Mas como vocês já podem ter notado, fica uma linha muito, muito tênue entre o Dolo Indireto e a Culpa Consciente, e é aí que mora o perigo e gera muita discussão das faculdades ao STJ.  Como eu disse lá no começo, existe uma briga que vai se estender muito ainda para definir onde se encaixa o motorista que bebeu, dirigiu e matou. Se é Culpa Consciente ou Dolo Indireto (e acredite, isso muda tudo no processo).

Veja bem, se você interpelasse seu amigo que bebeu e está indo pegar o carro:

-Mas cara, você bebeu e vai dirigir? Pode sofrer um acidente, pegue um táxi.
-Nãaao, eu bebi pouco, sou perfeitamente capaz de dirigir, digo mais! Dirijo até melhor quando bebo.

-Mas você sabe que tem um certo risco.
-Olha ter até tem, mas não pra mim, eu sou o cara e não vou deixar nada de errado acontecer.

Neste caso segundo a definição de culpa consciente seria concluído que caso o motorista cause um acidente, agiu com culpa (sem a intenção) e não com dolo (assumindo o risco). Mas se o diálogo fosse um pouco diferente…

-Mas cara, você bebeu e vai dirigir? Pode sofrer um acidente, pegue um táxi.
-Nãaao, eu bebi pouco, sou perfeitamente capaz de dirigir, digo mais! Dirijo até melhor quando bebo.

-Mas você sabe que tem um certo risco.
-Olha ter até tem, mas se matar alguém, azar da pessoa, são 3hs da manhã, não é hora de ninguém estar na rua, além disso o carro é meu e eu faço o que eu quiser!

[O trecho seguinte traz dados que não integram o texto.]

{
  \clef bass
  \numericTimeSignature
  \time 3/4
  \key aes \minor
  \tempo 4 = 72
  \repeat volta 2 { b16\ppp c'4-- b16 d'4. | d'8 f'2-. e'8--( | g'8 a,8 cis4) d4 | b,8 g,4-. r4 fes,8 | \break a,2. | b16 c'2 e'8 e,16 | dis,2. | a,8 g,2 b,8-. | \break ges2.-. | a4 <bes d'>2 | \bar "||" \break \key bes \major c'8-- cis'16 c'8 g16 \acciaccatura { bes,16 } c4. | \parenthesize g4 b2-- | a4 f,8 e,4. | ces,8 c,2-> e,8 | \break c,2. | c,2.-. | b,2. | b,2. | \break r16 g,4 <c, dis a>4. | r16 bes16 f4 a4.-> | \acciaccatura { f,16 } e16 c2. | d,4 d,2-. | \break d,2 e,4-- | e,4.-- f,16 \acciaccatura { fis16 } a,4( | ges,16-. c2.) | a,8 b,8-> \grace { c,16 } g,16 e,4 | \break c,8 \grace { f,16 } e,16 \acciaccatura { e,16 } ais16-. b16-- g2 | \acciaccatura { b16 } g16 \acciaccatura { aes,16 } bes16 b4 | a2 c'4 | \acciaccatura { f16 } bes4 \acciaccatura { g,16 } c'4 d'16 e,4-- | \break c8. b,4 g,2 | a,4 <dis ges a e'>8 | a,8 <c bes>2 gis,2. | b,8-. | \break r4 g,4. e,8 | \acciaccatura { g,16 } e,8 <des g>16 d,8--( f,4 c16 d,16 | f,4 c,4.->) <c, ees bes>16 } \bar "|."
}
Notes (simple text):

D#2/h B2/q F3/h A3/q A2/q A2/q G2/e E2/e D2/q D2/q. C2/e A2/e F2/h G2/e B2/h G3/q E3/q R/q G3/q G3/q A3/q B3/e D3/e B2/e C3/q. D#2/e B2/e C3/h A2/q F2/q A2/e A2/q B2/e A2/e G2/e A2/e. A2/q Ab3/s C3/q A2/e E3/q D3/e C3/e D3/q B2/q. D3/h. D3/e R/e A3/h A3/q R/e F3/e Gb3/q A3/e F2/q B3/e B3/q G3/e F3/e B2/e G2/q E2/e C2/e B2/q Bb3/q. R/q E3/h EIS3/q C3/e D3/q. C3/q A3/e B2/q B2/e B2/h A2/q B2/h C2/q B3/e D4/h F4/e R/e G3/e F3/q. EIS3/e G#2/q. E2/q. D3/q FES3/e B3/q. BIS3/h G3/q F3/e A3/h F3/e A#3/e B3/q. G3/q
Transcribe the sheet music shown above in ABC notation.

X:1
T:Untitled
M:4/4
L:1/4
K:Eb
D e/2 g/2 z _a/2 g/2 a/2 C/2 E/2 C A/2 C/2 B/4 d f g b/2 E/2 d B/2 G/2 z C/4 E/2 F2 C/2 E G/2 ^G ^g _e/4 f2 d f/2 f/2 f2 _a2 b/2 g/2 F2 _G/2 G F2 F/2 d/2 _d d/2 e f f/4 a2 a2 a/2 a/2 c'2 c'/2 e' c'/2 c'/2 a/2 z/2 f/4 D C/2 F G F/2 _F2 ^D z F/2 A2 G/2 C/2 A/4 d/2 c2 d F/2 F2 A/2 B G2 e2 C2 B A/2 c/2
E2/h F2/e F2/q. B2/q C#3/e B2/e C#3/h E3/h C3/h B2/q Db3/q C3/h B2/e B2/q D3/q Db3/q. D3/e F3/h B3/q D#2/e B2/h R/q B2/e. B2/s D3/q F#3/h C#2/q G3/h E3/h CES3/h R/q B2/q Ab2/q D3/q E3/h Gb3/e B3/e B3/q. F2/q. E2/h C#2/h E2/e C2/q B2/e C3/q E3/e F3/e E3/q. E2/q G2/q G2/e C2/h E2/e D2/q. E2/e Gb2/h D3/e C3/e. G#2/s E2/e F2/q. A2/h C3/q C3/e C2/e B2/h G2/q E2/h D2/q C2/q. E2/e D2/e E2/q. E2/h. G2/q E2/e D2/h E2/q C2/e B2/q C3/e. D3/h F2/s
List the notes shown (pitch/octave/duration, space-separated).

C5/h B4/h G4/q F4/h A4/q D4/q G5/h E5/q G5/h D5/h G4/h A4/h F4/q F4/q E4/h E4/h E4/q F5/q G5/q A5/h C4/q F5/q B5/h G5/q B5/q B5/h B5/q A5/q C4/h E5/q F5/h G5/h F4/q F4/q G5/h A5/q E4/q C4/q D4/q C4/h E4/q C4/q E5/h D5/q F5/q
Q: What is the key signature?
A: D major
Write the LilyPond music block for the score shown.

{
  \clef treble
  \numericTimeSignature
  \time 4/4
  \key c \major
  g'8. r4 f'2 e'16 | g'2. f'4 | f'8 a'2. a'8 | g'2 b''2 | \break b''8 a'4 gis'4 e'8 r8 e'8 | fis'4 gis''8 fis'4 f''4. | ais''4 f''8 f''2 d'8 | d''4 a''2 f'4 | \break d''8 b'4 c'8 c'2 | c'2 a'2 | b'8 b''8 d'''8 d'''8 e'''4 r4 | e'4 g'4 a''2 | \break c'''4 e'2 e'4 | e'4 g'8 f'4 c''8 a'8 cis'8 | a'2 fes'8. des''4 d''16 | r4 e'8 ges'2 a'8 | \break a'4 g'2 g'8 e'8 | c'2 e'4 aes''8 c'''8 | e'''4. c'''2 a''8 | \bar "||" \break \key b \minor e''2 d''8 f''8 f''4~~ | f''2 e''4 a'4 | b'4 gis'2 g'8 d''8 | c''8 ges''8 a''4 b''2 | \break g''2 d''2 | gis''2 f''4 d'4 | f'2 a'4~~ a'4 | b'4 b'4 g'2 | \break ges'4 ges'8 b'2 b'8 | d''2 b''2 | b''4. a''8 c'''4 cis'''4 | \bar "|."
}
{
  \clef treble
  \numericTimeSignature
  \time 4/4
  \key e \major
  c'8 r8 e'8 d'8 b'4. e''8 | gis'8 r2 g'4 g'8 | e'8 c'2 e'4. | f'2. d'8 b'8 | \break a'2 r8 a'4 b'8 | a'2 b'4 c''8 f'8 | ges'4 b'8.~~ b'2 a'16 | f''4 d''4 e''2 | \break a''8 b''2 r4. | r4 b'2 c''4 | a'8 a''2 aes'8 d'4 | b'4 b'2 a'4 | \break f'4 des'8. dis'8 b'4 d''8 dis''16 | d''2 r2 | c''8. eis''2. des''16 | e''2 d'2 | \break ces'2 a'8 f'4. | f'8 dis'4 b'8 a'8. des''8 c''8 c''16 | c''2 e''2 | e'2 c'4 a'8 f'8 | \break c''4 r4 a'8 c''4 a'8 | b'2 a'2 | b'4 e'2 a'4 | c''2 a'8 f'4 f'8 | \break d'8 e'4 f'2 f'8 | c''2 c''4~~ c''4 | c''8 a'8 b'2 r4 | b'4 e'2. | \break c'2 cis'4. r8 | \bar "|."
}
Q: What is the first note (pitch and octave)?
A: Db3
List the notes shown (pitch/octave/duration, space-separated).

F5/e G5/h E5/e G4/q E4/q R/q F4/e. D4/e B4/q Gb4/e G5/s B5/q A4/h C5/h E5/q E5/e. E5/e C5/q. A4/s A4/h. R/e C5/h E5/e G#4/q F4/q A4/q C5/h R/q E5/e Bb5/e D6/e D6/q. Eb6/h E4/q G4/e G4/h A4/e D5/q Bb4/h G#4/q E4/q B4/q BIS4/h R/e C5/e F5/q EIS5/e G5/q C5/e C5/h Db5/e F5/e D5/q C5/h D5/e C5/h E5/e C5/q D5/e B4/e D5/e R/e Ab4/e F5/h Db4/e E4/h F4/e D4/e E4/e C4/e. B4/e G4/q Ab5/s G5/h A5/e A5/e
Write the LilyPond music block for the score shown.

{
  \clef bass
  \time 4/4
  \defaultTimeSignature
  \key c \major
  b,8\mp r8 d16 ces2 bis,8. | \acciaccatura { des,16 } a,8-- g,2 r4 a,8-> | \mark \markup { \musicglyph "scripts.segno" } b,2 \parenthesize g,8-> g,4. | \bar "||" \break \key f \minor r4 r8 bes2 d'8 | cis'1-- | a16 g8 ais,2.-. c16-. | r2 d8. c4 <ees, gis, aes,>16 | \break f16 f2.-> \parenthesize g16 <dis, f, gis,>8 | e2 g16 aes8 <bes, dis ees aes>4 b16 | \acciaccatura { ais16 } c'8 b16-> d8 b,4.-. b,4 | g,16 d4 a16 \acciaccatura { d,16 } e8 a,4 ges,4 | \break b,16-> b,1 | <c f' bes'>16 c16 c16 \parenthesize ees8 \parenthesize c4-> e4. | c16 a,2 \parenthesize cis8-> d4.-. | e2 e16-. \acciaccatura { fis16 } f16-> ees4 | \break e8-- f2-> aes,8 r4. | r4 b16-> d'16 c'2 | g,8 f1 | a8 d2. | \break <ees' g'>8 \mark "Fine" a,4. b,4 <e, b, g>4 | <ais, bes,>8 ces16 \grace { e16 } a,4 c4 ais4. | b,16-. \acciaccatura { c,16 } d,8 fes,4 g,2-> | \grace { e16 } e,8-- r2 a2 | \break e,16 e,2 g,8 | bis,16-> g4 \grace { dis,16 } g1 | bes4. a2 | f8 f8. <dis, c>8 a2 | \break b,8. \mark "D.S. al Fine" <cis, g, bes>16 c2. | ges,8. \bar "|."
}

Fácil concluir que é Dolo Indireto. Acontece que ninguém pode tomar esse exemplo como guia, pois o caso concreto é via de regra muito mais complexo do que esse exemplo bobo que eu dei, como já disse Chapolin Colorado “o mais certo é: Quem sabe?”, só mesmo olhando o processo de cada caso daria pra dizer o que é de fato.

Mas e a tendência recente de indiciar motorista ébrio como doloso? Política criminal, e um entendimento de que no mundo atual a pessoa está mais do que informada (e convencida?) dos riscos, logo assume o risco.

Então é isso galera.

Dolo:

Dolo Direto: Com intenção.
Dolo Indireto: Sem intenção mas assumindo o risco.

Culpa:

Culpa Consciente: Sem intenção, com previsão mas achando que pode evitar o resultado.

Culpa Inconsciente: Sem intenção e sem previsão.

Caso queiram aprofundar um pouco mais o assunto podem pesquisar por: Dolo Eventual, Dolo Alternativo (ramificações do Dolo Indireto), e Preterdolo.

Dire(i)to do Bar

Essa nova coluna pretende ser um guia rápido de direito para leigos, então se você está lendo ela pra estudar para sua prova, está ferrado. A ideia é que a pessoa que não é da área do direito tenha noções básicas de temas do direito comuns no cotidiano.

Na mesa do bar ou na social com os amigos sempre surge algum assunto ligado ao direito e como era comum numa social eu explicar brevemente algo do direito tive a ideia da coluna. O nome está ligado a isso, boa parte dessas conversas foram no bar, ou em sociais, as vezes aconteceram no metrô ou no trem, mas acho que não iria ficar bom “Trem dos advogados”. HAHAHA

Espero que curtam o primeiro texto, e aceito sugestões quanto aos temas, mas lembrem-se, precisa ser um tema que surja comumente no cotidiano e não pode ser muito aprofundado, afinal não é papo pra operador do direito.

Então peçam sua cerveja, ou suquinho de laranja (afinal, não precisa beber pra ir pro bar depois do expediente bater papo com os amigos) e vamos falar da vida, do tempo, dos estudos, do trabalho, do trem, do trânsito que logo um assunto sobre Direito surge.